**Dataset extract:**

++++

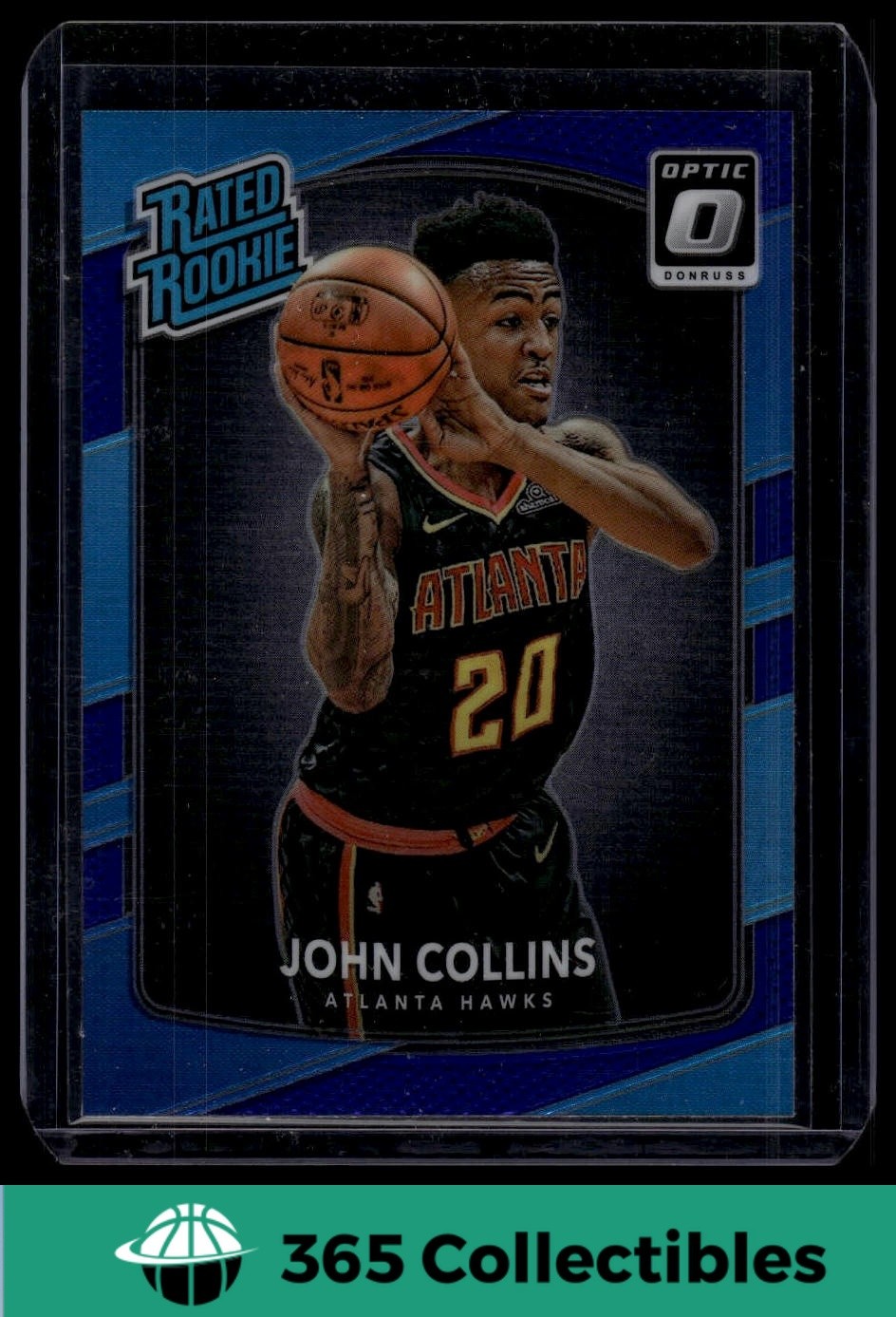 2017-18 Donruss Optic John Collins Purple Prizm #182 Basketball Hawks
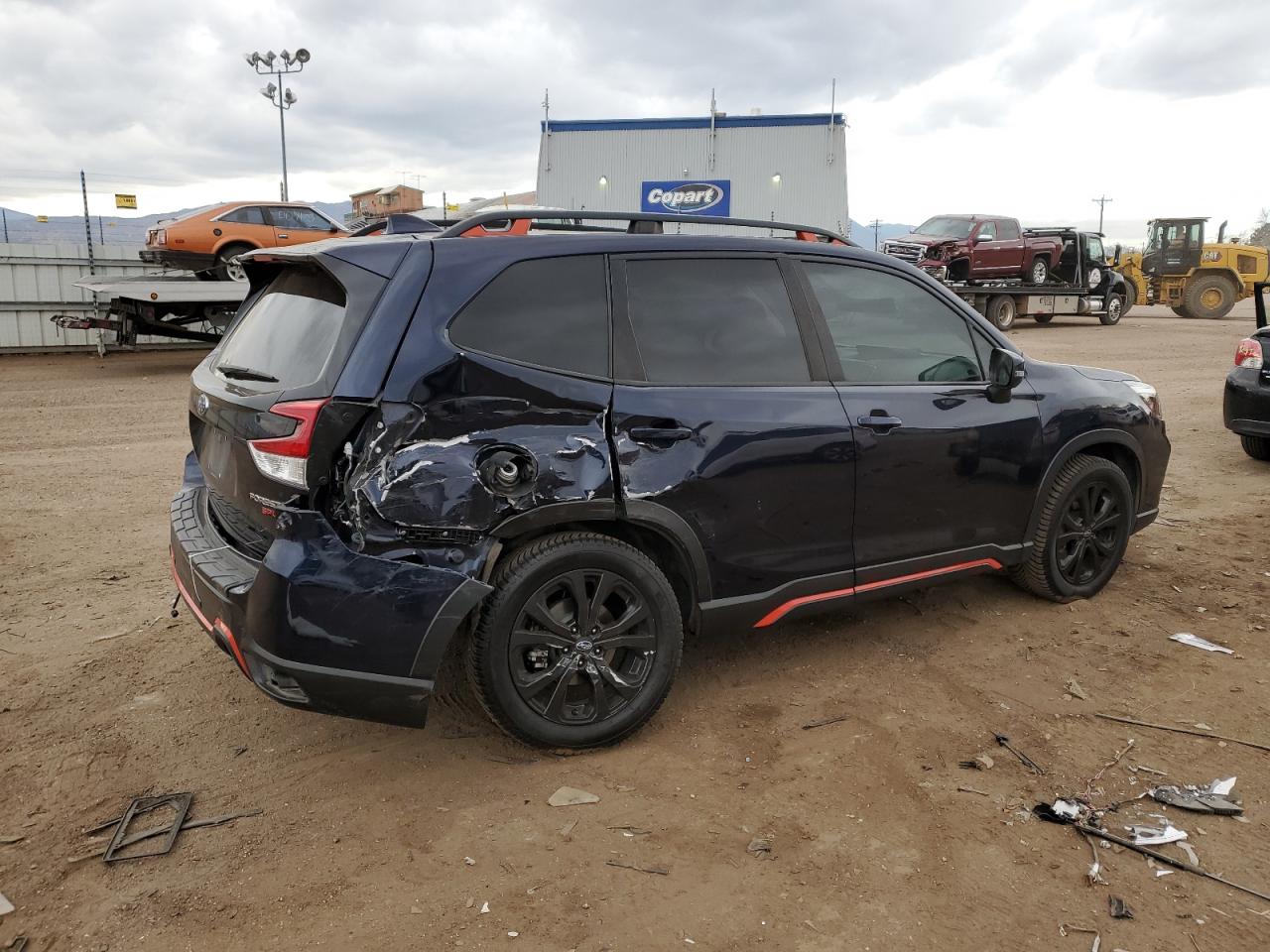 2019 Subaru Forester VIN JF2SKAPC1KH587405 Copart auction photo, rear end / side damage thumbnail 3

++++

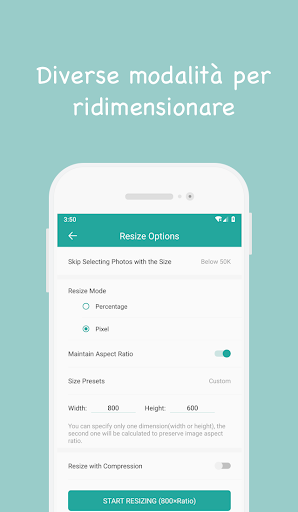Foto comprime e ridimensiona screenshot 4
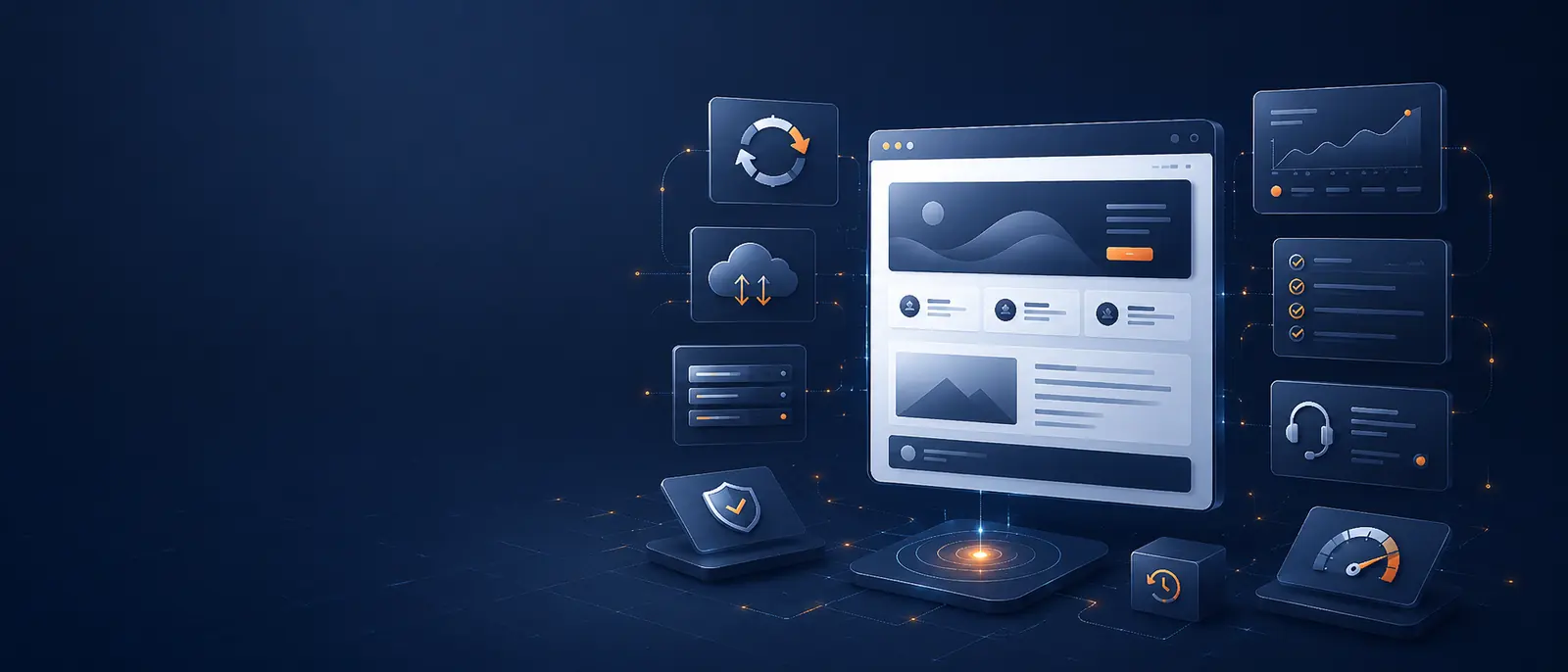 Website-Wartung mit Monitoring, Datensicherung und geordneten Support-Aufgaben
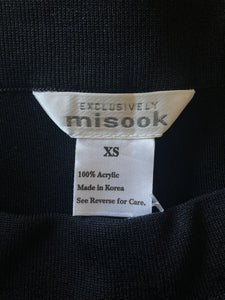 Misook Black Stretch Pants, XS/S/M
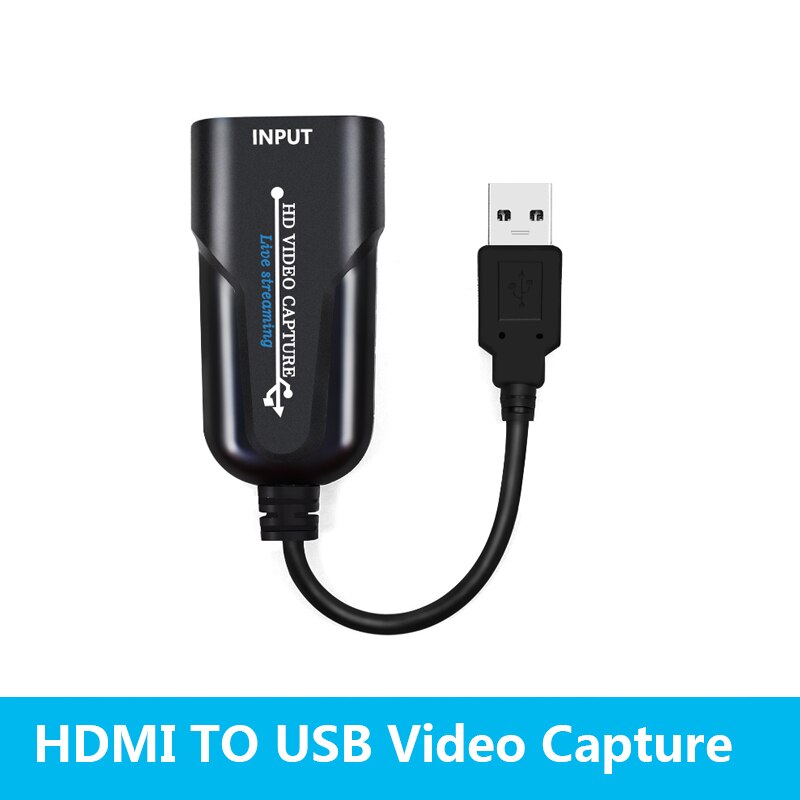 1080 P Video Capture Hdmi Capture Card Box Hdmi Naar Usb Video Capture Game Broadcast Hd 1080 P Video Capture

++++

**Directions for this task:** In the listing above, find the line with "Foto comprime e ridimensiona screenshot 4" and the line with "1080 P Video Capture Hdmi". Set down exactly those lines and everything between them, skipping pictures.

**Finished task:**
Foto comprime e ridimensiona screenshot 4
 Website-Wartung mit Monitoring, Datensicherung und geordneten Support-Aufgaben
 Misook Black Stretch Pants, XS/S/M
 1080 P Video Capture Hdmi Capture Card Box Hdmi Naar Usb Video Capture Game Broadcast Hd 1080 P Video Capture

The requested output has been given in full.